Akela said nothing. He was thinking of the time that comes to every leader of every pack when his strength goes from him and he gets feebler and feebler, till at last he is killed by the wolves and a new leader comes up—to be killed in his turn.
“Take him away,” he said to Father Wolf, “and train him as befits one of the Free People.”
And that is how Mowgli was entered into the Seeonee wolf-pack for the price of a bull and on Baloo’s good word.
Now you must be content to skip ten or eleven whole years, and only guess at all the wonderful life that Mowgli led among the wolves, because if it were written out it would fill ever so many books. He grew up with the cubs, though they of course were grown wolves almost before he was a child, and Father Wolf taught him his business, and the meaning of things in the jungle, till every rustle in the grass, every breath of the warm night air, every note of the owls above his head, every scratch of a bat’s claws as it roosted for a while in a tree, and every splash of every little fish jumping in a pool, meant just as much to him as the work of his office means to a business man. When he was not learning he sat out in the sun and slept, and ate, and went to sleep again; when he felt dirty or hot he swam in the forest pools; and when he wanted honey (Baloo told him that honey and nuts were just as pleasant to eat as raw meat) he climbed up for it, and that Bagheera showed him how to do.

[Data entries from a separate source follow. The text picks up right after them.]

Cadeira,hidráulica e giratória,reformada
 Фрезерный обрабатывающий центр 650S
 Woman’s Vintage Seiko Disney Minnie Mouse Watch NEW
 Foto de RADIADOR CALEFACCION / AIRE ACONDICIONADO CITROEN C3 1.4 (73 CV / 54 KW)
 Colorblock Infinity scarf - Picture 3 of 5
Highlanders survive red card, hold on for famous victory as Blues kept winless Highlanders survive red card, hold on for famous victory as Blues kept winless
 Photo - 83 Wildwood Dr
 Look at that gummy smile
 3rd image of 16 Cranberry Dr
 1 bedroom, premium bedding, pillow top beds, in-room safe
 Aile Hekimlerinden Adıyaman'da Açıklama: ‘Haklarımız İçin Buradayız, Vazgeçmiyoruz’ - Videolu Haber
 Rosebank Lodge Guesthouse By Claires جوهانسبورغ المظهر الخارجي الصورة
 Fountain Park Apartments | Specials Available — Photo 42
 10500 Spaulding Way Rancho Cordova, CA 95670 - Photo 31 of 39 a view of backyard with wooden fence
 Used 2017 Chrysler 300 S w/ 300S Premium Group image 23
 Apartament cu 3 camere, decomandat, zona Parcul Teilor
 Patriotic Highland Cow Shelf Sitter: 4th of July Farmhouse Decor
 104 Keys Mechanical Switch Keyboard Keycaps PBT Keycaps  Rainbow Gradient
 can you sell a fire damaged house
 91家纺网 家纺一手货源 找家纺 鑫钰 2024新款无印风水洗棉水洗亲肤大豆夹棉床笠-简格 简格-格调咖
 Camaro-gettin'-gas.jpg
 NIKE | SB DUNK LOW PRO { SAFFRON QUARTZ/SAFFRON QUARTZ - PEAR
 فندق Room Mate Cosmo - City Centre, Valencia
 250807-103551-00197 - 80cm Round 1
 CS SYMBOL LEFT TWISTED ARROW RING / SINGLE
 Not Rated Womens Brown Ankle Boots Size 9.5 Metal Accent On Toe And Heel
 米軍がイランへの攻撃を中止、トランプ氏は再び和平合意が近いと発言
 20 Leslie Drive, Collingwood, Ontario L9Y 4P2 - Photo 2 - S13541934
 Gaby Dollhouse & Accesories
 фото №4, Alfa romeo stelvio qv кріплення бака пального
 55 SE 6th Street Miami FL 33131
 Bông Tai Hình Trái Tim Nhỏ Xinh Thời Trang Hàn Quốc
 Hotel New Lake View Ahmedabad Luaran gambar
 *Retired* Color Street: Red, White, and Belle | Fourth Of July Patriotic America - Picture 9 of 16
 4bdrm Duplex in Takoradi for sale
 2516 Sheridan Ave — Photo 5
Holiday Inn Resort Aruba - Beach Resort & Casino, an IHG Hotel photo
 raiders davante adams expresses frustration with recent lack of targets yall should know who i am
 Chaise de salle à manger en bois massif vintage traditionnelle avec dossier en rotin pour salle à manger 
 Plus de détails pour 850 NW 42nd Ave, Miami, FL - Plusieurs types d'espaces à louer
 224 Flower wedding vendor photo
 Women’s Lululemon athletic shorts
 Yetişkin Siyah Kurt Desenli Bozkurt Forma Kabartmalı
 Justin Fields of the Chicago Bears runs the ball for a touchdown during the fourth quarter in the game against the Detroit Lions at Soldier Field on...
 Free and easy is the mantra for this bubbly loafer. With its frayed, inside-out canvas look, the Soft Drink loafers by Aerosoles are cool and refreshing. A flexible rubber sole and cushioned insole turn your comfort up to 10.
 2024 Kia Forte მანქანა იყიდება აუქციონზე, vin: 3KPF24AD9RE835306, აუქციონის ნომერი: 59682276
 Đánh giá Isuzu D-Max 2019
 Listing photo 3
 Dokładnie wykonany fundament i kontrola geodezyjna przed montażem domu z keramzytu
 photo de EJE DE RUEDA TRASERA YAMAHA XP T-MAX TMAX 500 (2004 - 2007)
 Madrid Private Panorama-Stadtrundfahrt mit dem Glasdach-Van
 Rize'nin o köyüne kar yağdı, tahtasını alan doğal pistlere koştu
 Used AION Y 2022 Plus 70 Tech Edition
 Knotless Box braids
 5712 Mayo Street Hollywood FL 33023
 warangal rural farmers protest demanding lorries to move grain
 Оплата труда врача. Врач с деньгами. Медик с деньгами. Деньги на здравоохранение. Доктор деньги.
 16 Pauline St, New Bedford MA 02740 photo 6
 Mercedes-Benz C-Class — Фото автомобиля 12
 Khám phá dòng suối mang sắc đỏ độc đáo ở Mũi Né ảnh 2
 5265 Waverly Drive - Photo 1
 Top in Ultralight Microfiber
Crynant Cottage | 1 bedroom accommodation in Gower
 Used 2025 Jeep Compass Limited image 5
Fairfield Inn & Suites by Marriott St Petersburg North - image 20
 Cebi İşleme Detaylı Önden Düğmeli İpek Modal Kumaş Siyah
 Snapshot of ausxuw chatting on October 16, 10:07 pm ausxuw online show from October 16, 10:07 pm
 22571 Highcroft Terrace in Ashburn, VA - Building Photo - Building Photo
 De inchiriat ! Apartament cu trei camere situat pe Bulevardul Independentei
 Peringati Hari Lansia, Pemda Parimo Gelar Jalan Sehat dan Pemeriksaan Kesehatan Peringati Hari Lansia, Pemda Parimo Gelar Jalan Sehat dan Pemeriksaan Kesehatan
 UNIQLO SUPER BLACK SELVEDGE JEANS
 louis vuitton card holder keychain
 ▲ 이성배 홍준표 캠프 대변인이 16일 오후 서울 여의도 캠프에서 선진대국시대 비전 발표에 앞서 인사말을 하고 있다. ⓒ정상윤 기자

Bagheera would lie out on a branch and call, “Come along, Little Brother,” and at first Mowgli would cling like the sloth, but afterward he would fling himself through the branches almost as boldly as the gray ape. He took his place at the Council Rock, too, when the Pack met, and there he discovered that if he stared hard at any wolf, the wolf would be forced to drop his eyes, and so he used to stare for fun.
At other times he would pick the long thorns out of the pads of his friends, for wolves suffer terribly from thorns and burs in their coats. He would go down the hillside into the cultivated lands by night, and look very curiously at the villagers in their huts, but he had a mistrust of men because Bagheera showed him a square box with a drop-gate so cunningly hidden in the jungle that he nearly walked into it, and told him it was a trap.
He loved better than anything else to go with Bagheera into the dark warm heart of the forest, to sleep all through the drowsy day, and at night see how Bagheera did his killing. Bagheera killed right and left as he felt hungry, and so did Mowgli—with one exception. As soon as he was old enough to understand things, Bagheera told him that he must never touch cattle because he had been bought into the Pack at the price of a bull’s life. “All the jungle is thine,” said Bagheera, “and thou canst kill everything that thou art strong enough to kill; but for the sake of the bull that bought thee thou must never kill or eat any cattle young or old. That is the Law of the Jungle.” Mowgli obeyed faithfully.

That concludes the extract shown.